I broke down on the kitchen floor, my knees crumbling beneath me, chin fallen to my chest, helpless. For the first time that day, I was embraced by both aunt and father, both moulding to my crumbled form, only a level above me. They began to cry as well. We held each other for an eternity on the kitchen floor, no one knowing what to say or even how to start.

"She's gone," I sobbed, wet, sticky, burning, "isn't she?"

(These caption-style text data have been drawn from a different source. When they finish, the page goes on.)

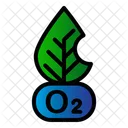 Oxygen Leaf Ecology Icon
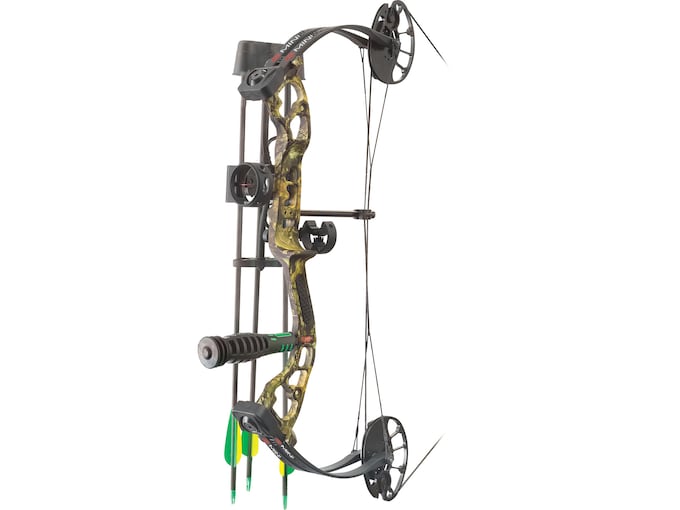 PSE Mini Burner RTS Compound Bow Package Right Hand 29-40 lb 16"-26.5" Draw Length Mossy Oak Break Up Country Camo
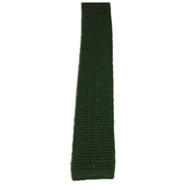 Forest Green Silk Knit Tie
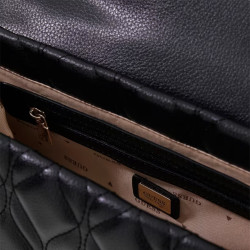 Guess Maxine Shoulder Bag Quilted Black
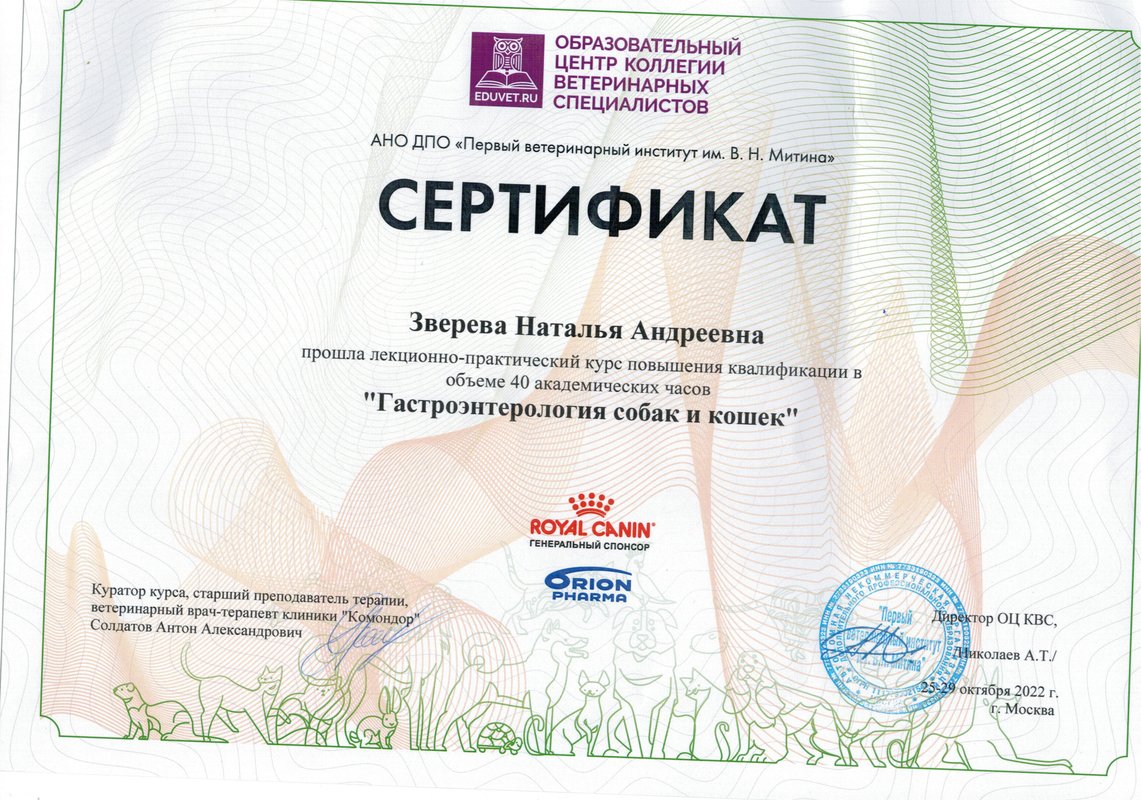 Документ или сертификат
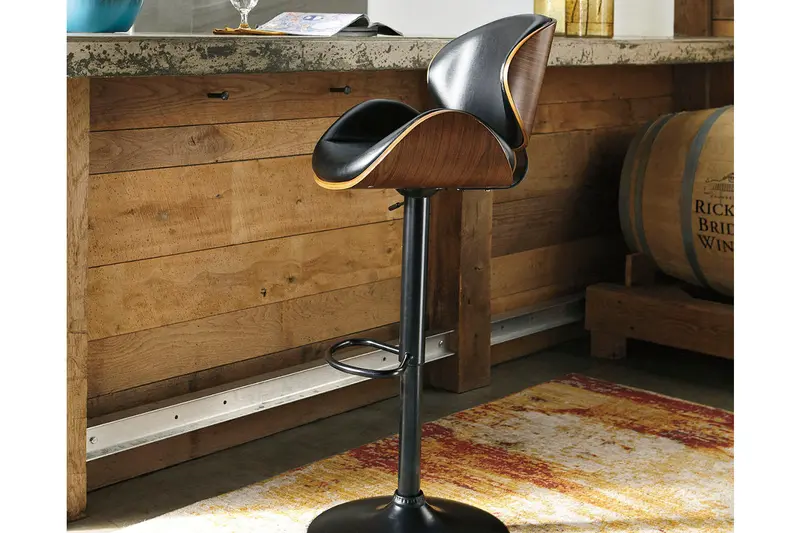Bellatier Brown Adjustable Counter-Height Barstool 1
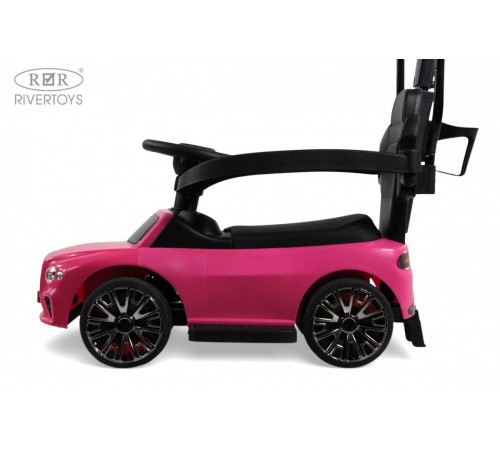 Детский толокар-каталка с козырьком Bentley Z005ZZ-TP розовый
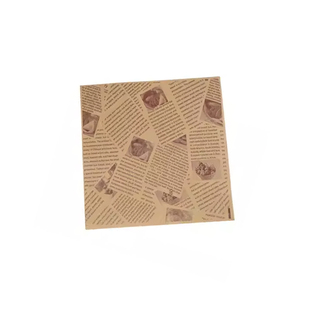 西餐厅食品餐盘托盘垫纸美式防油纸薯条汉堡纸油炸吸油纸食物面包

My father still couldn't answer and only pulled me closer and wrapped me tighter after the question that had taken so much of my courage to ask.

"She's gone," he managed.

That night I dreamed of her. She was alive again. She held my face, rubbed her nose against mine, and kissed the entire circumference of my face. I had different variations of the same dream for months after she was gone. Some nights she was in the hospital holding Addy again. Some nights she was walking me to pre-school. Some nights she was teaching me how to make noodles. Some nights she was sitting in my father's lap in the office. Some nights she sat on my bed throughout the lasting darkness whispering, "Sweet dreams, my August day" and running her fingers through my hair. One morning, months later, I awoke from a dream of her planting sloppy kisses on my cheek and swore that the moisture was still there on my skin accompanied by a faint mingling of her shampoo. I didn't see my father for almost two weeks besides the rare time he would come to the kitchen for nourishment and pack it back to his office. My auntie stayed with us for a month, taking care of Addy and walking me to the bus stop in an attempt to fill the void of my mother's ghost. She didn't tell me stories, though. And she didn't ever remember her dreams.

I never thought much about dreaming until my mother died. Before, I would only be interested in her dreams, in the stories she would tell me, the action, the adventure, the slow dances, the mountain climbing, the car chases, the kidnappings. When she was no longer around to tell me about her dreams, I began to have my own. I dreamed every night after that. It wasn't always clear in the morning, and most times I went through the day with only a vague idea that I had forgotten something relevant as soon as I had woken up.